**Data below**
○ ○ ○ ○

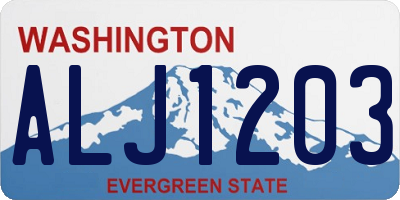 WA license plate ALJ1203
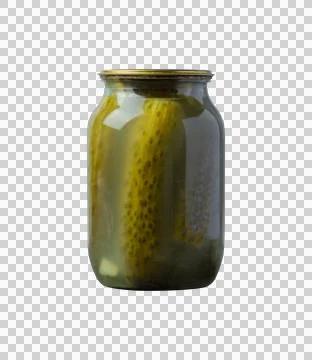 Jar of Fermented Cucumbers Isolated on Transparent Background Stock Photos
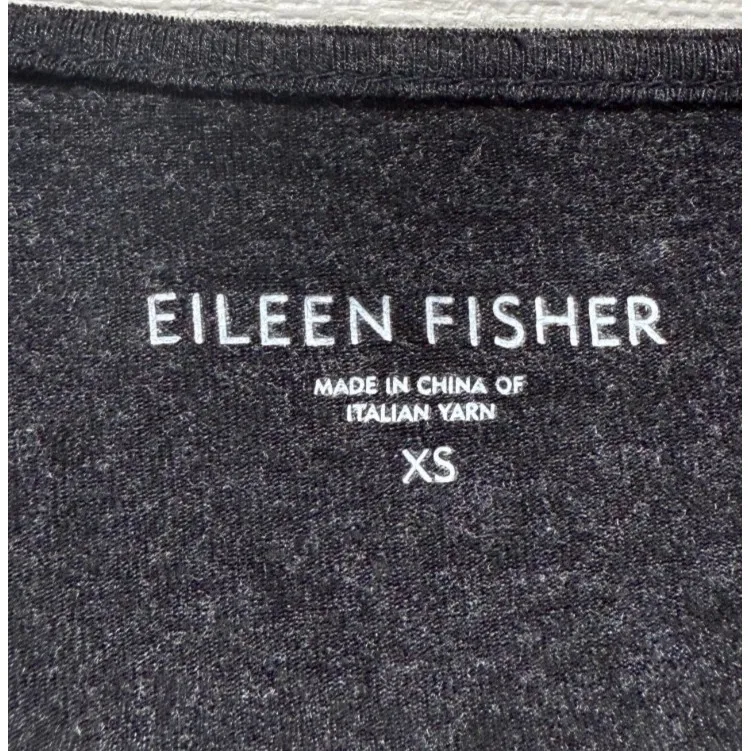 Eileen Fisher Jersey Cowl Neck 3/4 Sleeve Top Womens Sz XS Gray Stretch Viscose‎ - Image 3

○ ○ ○ ○

An exact reproduction of the material above is needed, without its pictures.

 WA license plate ALJ1203
 Jar of Fermented Cucumbers Isolated on Transparent Background Stock Photos
 Eileen Fisher Jersey Cowl Neck 3/4 Sleeve Top Womens Sz XS Gray Stretch Viscose‎ - Image 3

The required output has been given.